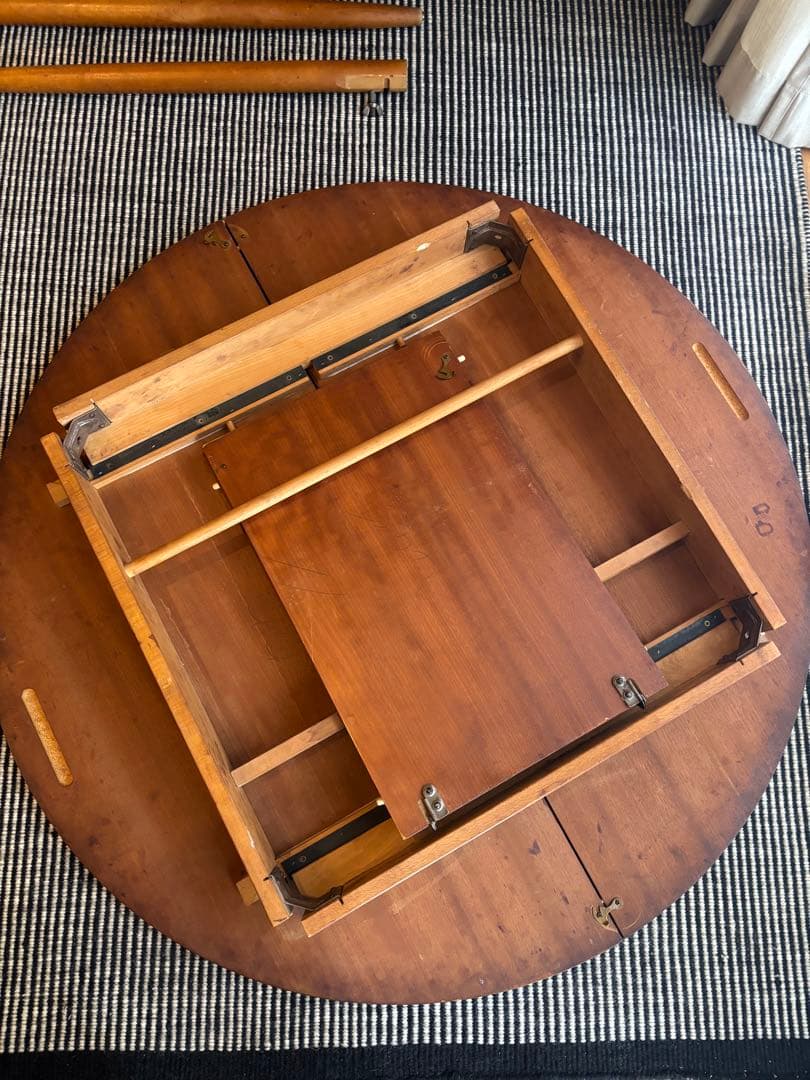 人気の ビンテージ ラウンドテーブル 伸張 拡張φ117cm チーク材
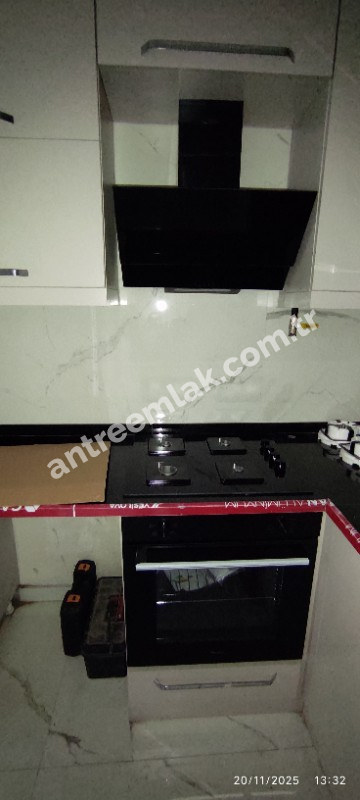 Antre Emlak'tan Satılık Bahçelievler'de Hastane Yanı Cadde Üstü Sıfırlanmış 2+1, Doğalgazlı Daire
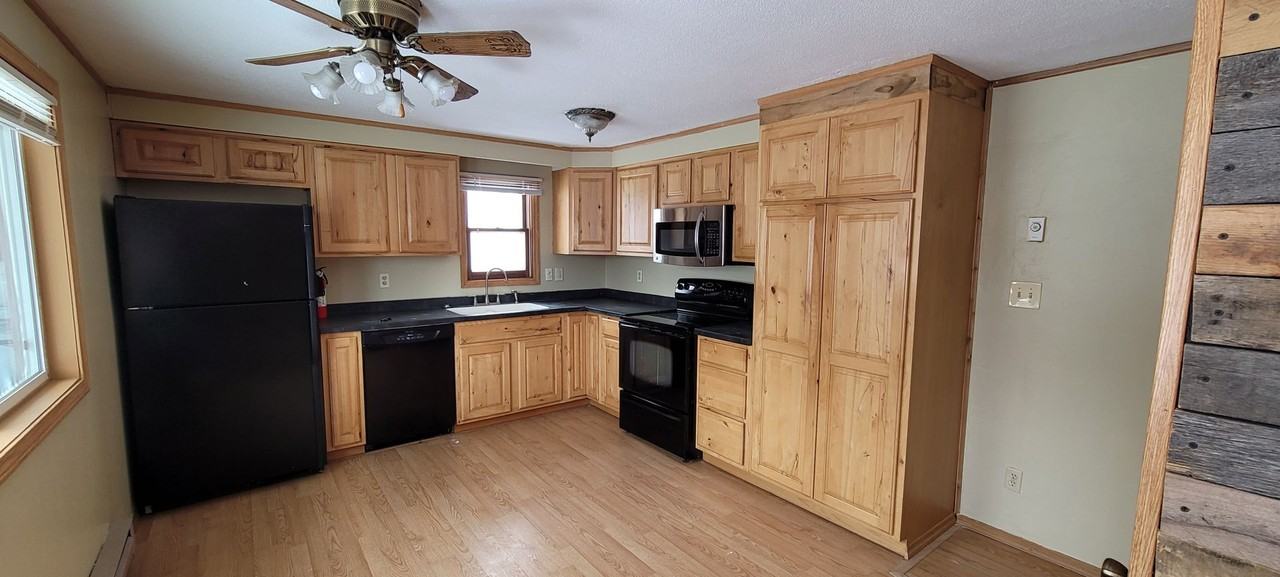 1022 6th Street Southeast - Photo 4 of 14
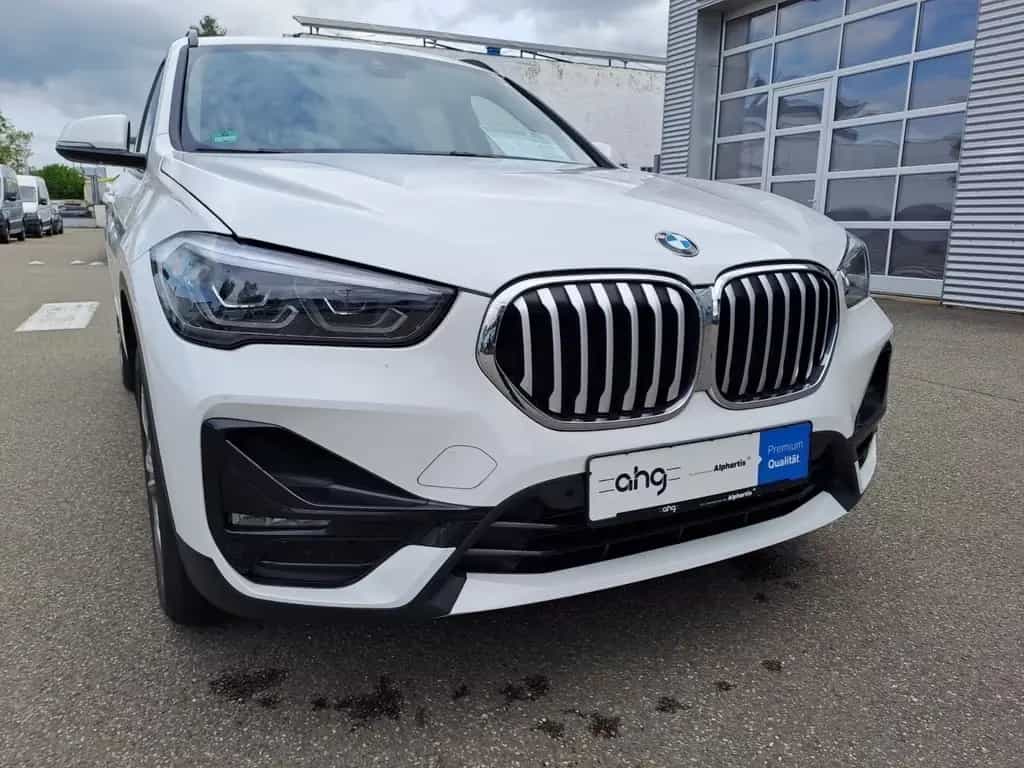 BMW X1 sDrive20i Sport Line Steptronic DCT Panorama 03/2020-photo-12
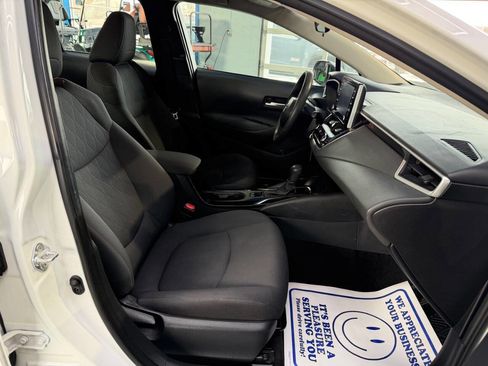 Used 2020 Toyota Corolla LE image 18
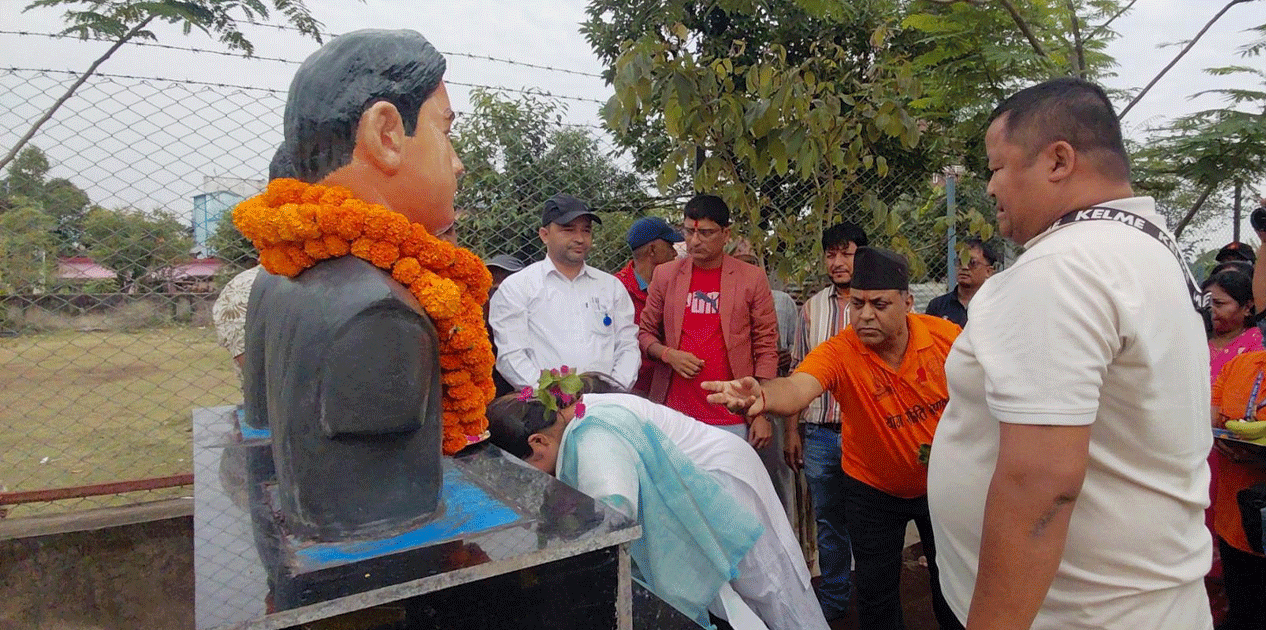 जेन जेड आन्दोलनका सहिदको सम्मानमा सालिक अनावरण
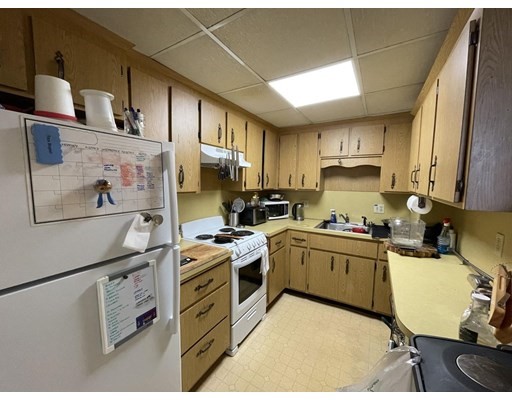 1 bed, 1 bath apartment for rent at 17 Central Ave Unit 0, Newton — photo 19 of 19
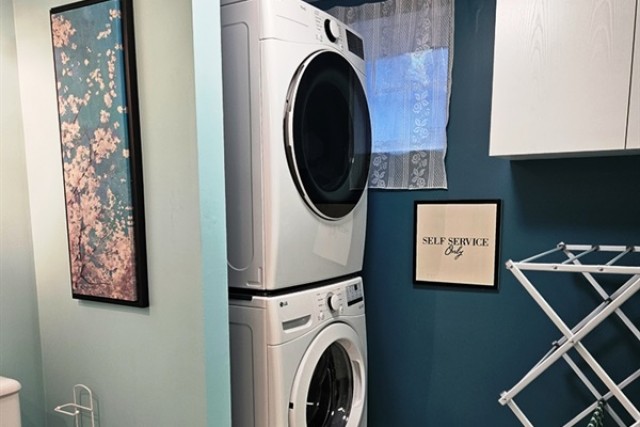 Longueuil  3 b. $110/day. Apartment for rent in Longueuil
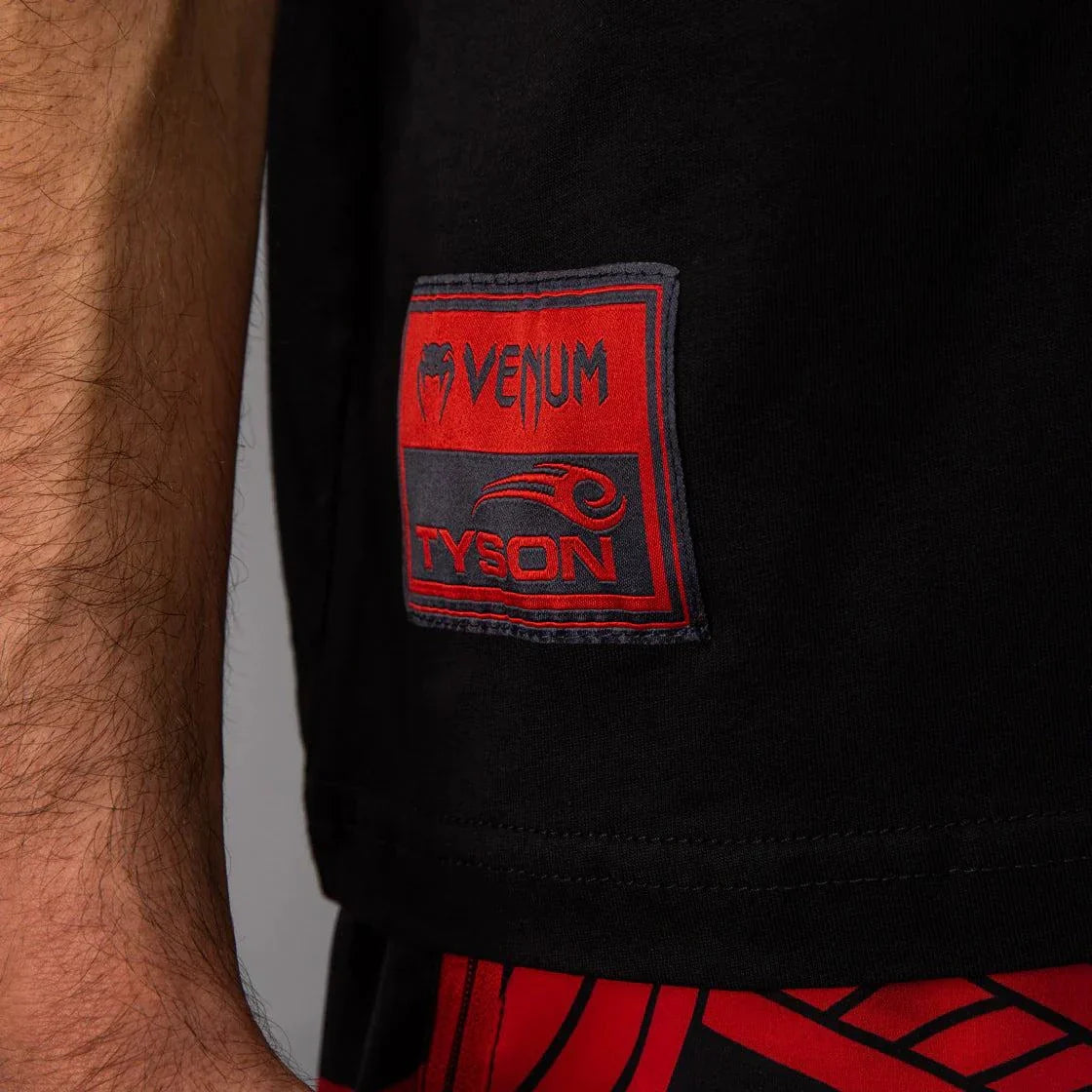 T-shirt Venum x Mike Tyson noir avec design tigre iconique pour boxe et sports de combat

> Work instruction:
Only the records, copied exactly and free of pictures, belong in the answer.

> Problem solution:
 人気の ビンテージ ラウンドテーブル 伸張 拡張φ117cm チーク材
 Antre Emlak'tan Satılık Bahçelievler'de Hastane Yanı Cadde Üstü Sıfırlanmış 2+1, Doğalgazlı Daire
 1022 6th Street Southeast - Photo 4 of 14
 BMW X1 sDrive20i Sport Line Steptronic DCT Panorama 03/2020-photo-12
 Used 2020 Toyota Corolla LE image 18
 जेन जेड आन्दोलनका सहिदको सम्मानमा सालिक अनावरण
 1 bed, 1 bath apartment for rent at 17 Central Ave Unit 0, Newton — photo 19 of 19
 Longueuil  3 b. $110/day. Apartment for rent in Longueuil
 T-shirt Venum x Mike Tyson noir avec design tigre iconique pour boxe et sports de combat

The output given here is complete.